| What you are asked to do |
When you answer, restate the entries below without altering anything.

____________

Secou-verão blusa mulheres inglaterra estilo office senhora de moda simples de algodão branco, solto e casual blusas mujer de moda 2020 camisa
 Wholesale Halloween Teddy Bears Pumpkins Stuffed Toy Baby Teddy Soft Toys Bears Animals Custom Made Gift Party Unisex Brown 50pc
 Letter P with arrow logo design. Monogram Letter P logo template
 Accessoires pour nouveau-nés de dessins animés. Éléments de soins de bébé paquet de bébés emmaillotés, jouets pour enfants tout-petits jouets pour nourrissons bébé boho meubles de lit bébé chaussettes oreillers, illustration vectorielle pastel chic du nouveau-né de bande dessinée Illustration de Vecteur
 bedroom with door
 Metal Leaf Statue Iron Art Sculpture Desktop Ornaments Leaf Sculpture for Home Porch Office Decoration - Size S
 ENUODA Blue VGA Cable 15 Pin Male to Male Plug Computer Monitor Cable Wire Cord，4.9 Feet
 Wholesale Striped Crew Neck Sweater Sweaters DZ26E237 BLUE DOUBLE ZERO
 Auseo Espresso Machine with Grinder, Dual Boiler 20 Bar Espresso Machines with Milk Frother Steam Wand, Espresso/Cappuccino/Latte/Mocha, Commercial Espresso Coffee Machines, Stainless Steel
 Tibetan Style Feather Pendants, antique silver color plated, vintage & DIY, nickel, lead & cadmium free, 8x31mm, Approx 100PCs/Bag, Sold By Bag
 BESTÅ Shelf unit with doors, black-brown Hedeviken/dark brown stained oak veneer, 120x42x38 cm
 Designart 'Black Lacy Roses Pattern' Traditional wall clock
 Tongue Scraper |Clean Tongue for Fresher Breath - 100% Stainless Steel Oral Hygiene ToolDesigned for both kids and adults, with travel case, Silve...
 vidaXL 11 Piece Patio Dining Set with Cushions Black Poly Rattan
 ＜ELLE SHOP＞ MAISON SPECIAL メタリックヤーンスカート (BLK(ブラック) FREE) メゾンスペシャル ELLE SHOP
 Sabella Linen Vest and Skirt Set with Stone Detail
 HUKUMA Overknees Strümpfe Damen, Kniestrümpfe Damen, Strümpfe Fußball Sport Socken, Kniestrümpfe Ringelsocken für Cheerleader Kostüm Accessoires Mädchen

____________

| Answer box |
Secou-verão blusa mulheres inglaterra estilo office senhora de moda simples de algodão branco, solto e casual blusas mujer de moda 2020 camisa
 Wholesale Halloween Teddy Bears Pumpkins Stuffed Toy Baby Teddy Soft Toys Bears Animals Custom Made Gift Party Unisex Brown 50pc
 Letter P with arrow logo design. Monogram Letter P logo template
 Accessoires pour nouveau-nés de dessins animés. Éléments de soins de bébé paquet de bébés emmaillotés, jouets pour enfants tout-petits jouets pour nourrissons bébé boho meubles de lit bébé chaussettes oreillers, illustration vectorielle pastel chic du nouveau-né de bande dessinée Illustration de Vecteur
 bedroom with door
 Metal Leaf Statue Iron Art Sculpture Desktop Ornaments Leaf Sculpture for Home Porch Office Decoration - Size S
 ENUODA Blue VGA Cable 15 Pin Male to Male Plug Computer Monitor Cable Wire Cord，4.9 Feet
 Wholesale Striped Crew Neck Sweater Sweaters DZ26E237 BLUE DOUBLE ZERO
 Auseo Espresso Machine with Grinder, Dual Boiler 20 Bar Espresso Machines with Milk Frother Steam Wand, Espresso/Cappuccino/Latte/Mocha, Commercial Espresso Coffee Machines, Stainless Steel
 Tibetan Style Feather Pendants, antique silver color plated, vintage & DIY, nickel, lead & cadmium free, 8x31mm, Approx 100PCs/Bag, Sold By Bag
 BESTÅ Shelf unit with doors, black-brown Hedeviken/dark brown stained oak veneer, 120x42x38 cm
 Designart 'Black Lacy Roses Pattern' Traditional wall clock
 Tongue Scraper |Clean Tongue for Fresher Breath - 100% Stainless Steel Oral Hygiene ToolDesigned for both kids and adults, with travel case, Silve...
 vidaXL 11 Piece Patio Dining Set with Cushions Black Poly Rattan
 ＜ELLE SHOP＞ MAISON SPECIAL メタリックヤーンスカート (BLK(ブラック) FREE) メゾンスペシャル ELLE SHOP
 Sabella Linen Vest and Skirt Set with Stone Detail
 HUKUMA Overknees Strümpfe Damen, Kniestrümpfe Damen, Strümpfe Fußball Sport Socken, Kniestrümpfe Ringelsocken für Cheerleader Kostüm Accessoires Mädchen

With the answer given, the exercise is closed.